Postgresql – Key/value table: what is a good way to organize it if value could be foreign key

Architecturebest practicesforeign keypostgresql

Suppose a have a structure of two tables

Table Key names:

|_Key name_|_Parent_key_id_|
| key1     |  NULL         |
| key2     |  key1         |

Table Key values:

|_Key__|_Value__|_Version__|
| key1 | value1 | version1 |
| key2 | value3 | version1 |
| key1 | value2 | version2 |
| key2 | value3 | version2 |

So key values are unique within the Version and keys follow nested structure.
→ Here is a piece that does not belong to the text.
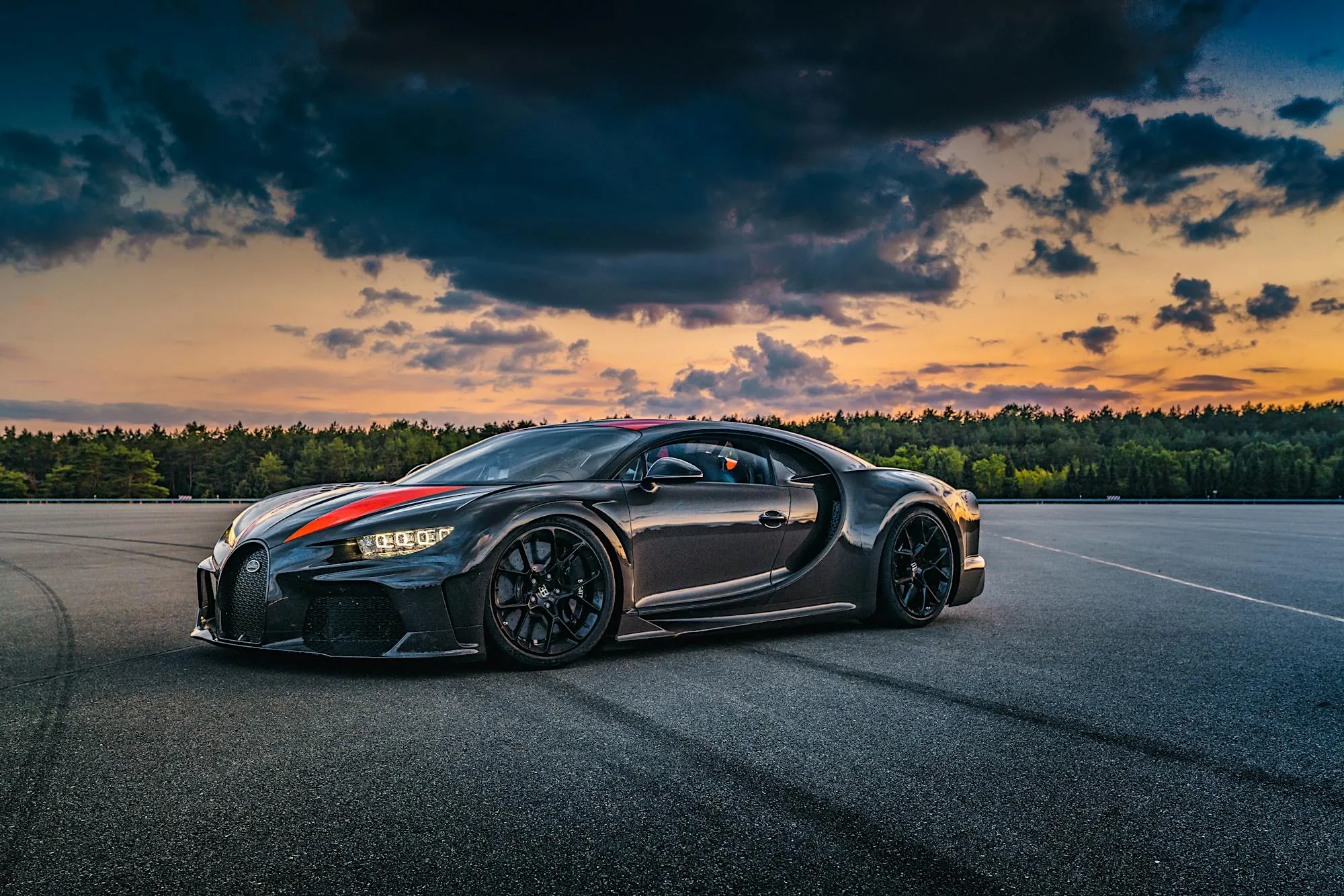 Chiron Super Sport 300+ 于日落赛道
The goal is to organize tables the way that key values could be a string, number (integer or double) or reference (id) to a row from another table.

My thoughts are

  1. Store string, number, id in a single VARCHAR column and make nullable column Reference table name in Key names – so if the column is not NULL, then value is an id.
    I'm not feel very good of it because then I face a problem of no type check, and for example floating point number could be written with , or . as decimal separator.

  2. Make 3 nullable columns instead of Value: String value, Number value, Id reference – if one has value, others should be NULL. Again I need Reference table name column to specify which table I reference.

I wonder if some best practices are there. Couldn't find them by myself.

Thank you in advance. We use PostgreSQL.

Best Answer

If this is not explicitly intended for some very flexible system, you better normalise this into (at least) 3NF tables with columns for each fact type (not data type). In a key/value architecture like this it is very hard to implement constraints (as you write yourself in thought 1)

If you are sure this key/value architecture is what you want (ask yourself twice) then: Use a separate table for each datatype. A key/value table for string values, a key/value table for integers, a key/reference table for references. At least type checking is possible and storage is efficient. Still no other constraints. Takes lots of SQL to get all the values for one key, but clean tables.